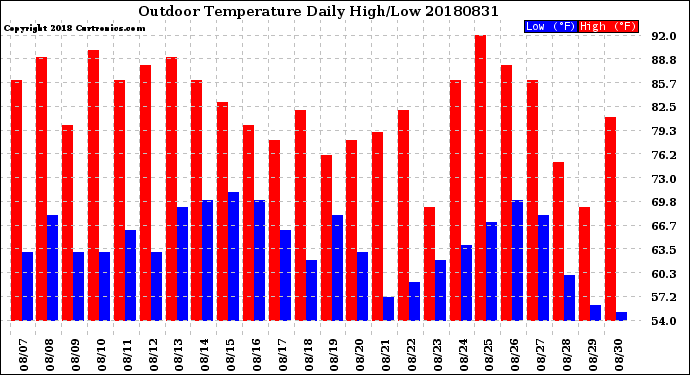 Milwaukee Weather Outdoor Temperature<br>Daily High/Low
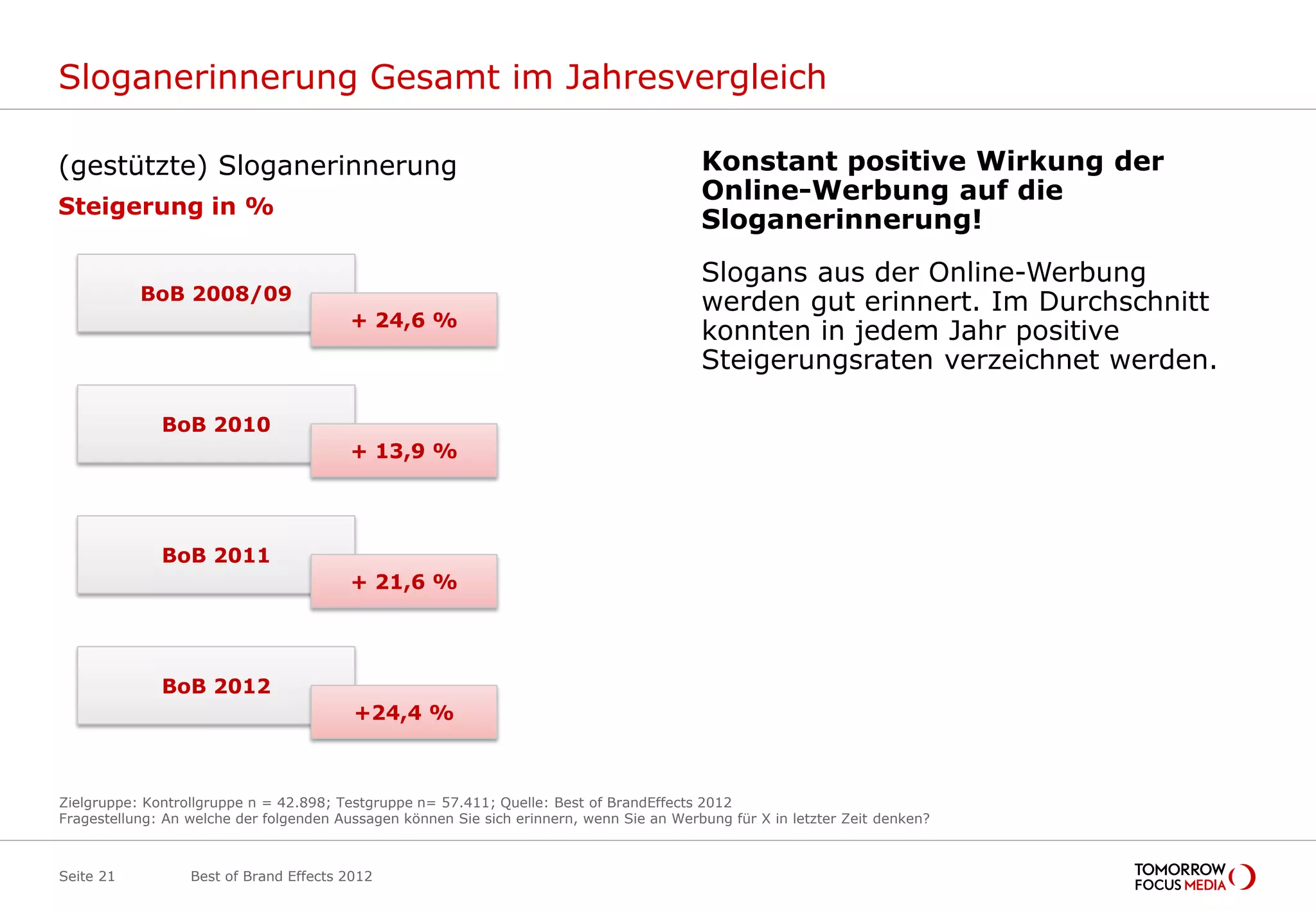 Sloganerinnerung Gesamt im Jahresvergleich

(gestützte) Sloganerinnerung                                                              Konstant positive Wirkung der
                                                                                          Online-Werbung auf die
Steigerung in %
                                                                                          Sloganerinnerung!
                                                                                          Slogans aus der Online-Werbung
           BoB 2008/09                                                                    werden gut erinnert. Im Durchschnitt
                                         + 24,6 %
                                                                                          konnten in jedem Jahr positive
                                                                                          Steigerungsraten verzeichnet werden.

              BoB 2010
                                         + 13,9 %




              BoB 2011
                                         + 21,6 %




              BoB 2012
                                         +24,4 %



Zielgruppe: Kontrollgruppe n = 42.898; Testgruppe n= 57.411; Quelle: Best of BrandEffects 2012
Fragestellung: An welche der folgenden Aussagen können Sie sich erinnern, wenn Sie an Werbung für X in letzter Zeit denken?



Seite 21          Best of Brand Effects 2012
 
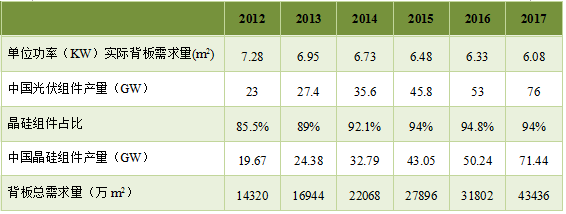 預(yù)測 | 2020年國內(nèi)太陽能背板需求將達到5億平方米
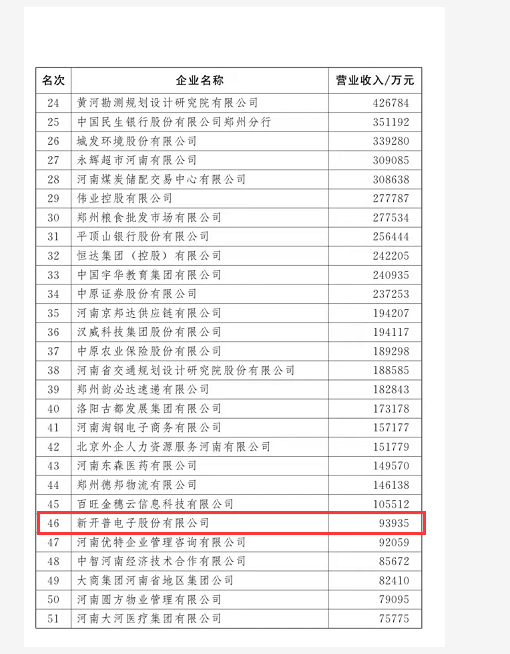 权威认证 | 新开普喜获“2021河南服务企业100强企业”和“2021年河南省创新龙头企业”两项殊荣！(图1)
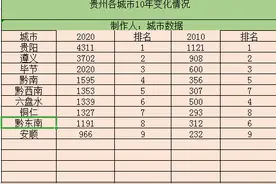 风云巨变——贵州9市（州）经济排名发生变化，黔南铜仁排名上升图片
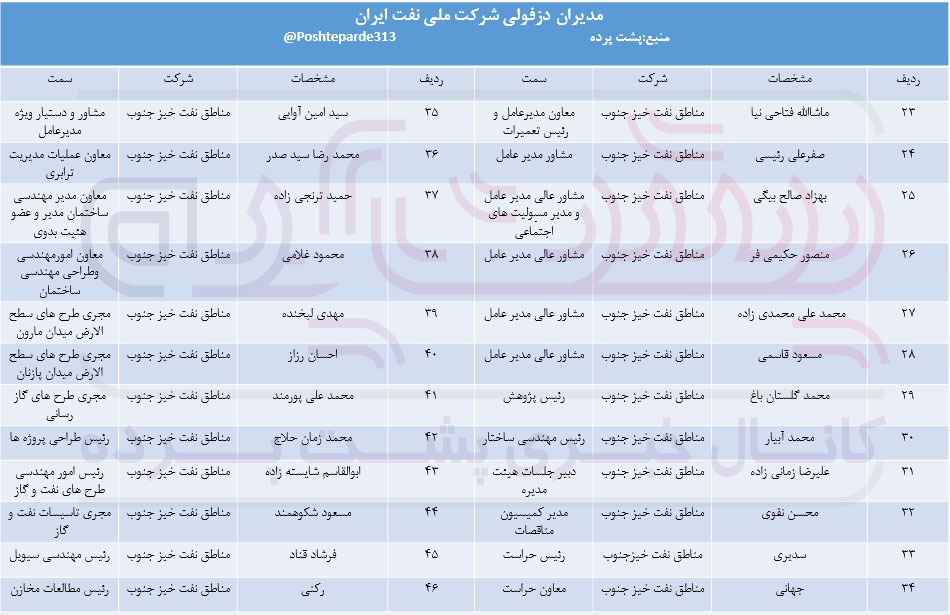 انتشار لیستی از مدیران دزفولی شرکت ملی نفت ایران+سند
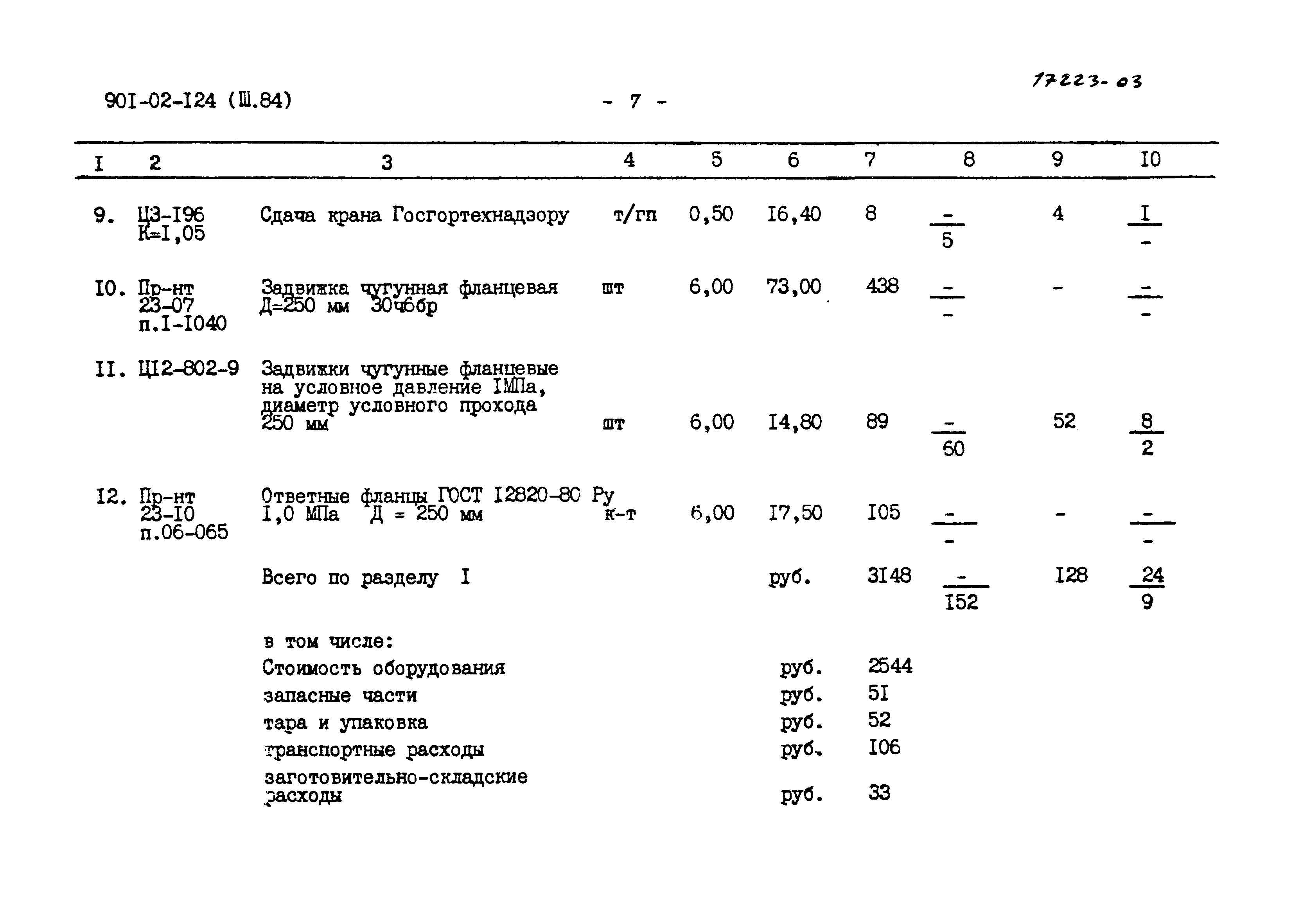 Типовые проектные решения 901-02-124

◇ ◇ ◇ ◇ ◇ ◇ ◇

_EXERCISE DETAILS:_ Going by the entries above, repeat exactly the lines that start at the line with "Slogans aus der" and go on through the line with "风云巨变——贵州9市（州）经济排名发生变化，黔南铜仁排名上升图片". Pictures are not part of the copy.

_EXPECTED ANSWER:_
                                                                                          Slogans aus der Online-Werbung
           BoB 2008/09                                                                    werden gut erinnert. Im Durchschnitt
                                         + 24,6 %
                                                                                          konnten in jedem Jahr positive
                                                                                          Steigerungsraten verzeichnet werden.

              BoB 2010
                                         + 13,9 %




              BoB 2011
                                         + 21,6 %




              BoB 2012
                                         +24,4 %



Zielgruppe: Kontrollgruppe n = 42.898; Testgruppe n= 57.411; Quelle: Best of BrandEffects 2012
Fragestellung: An welche der folgenden Aussagen können Sie sich erinnern, wenn Sie an Werbung für X in letzter Zeit denken?



Seite 21          Best of Brand Effects 2012
 
 預(yù)測 | 2020年國內(nèi)太陽能背板需求將達到5億平方米
 权威认证 | 新开普喜获“2021河南服务企业100强企业”和“2021年河南省创新龙头企业”两项殊荣！(图1)
 风云巨变——贵州9市（州）经济排名发生变化，黔南铜仁排名上升图片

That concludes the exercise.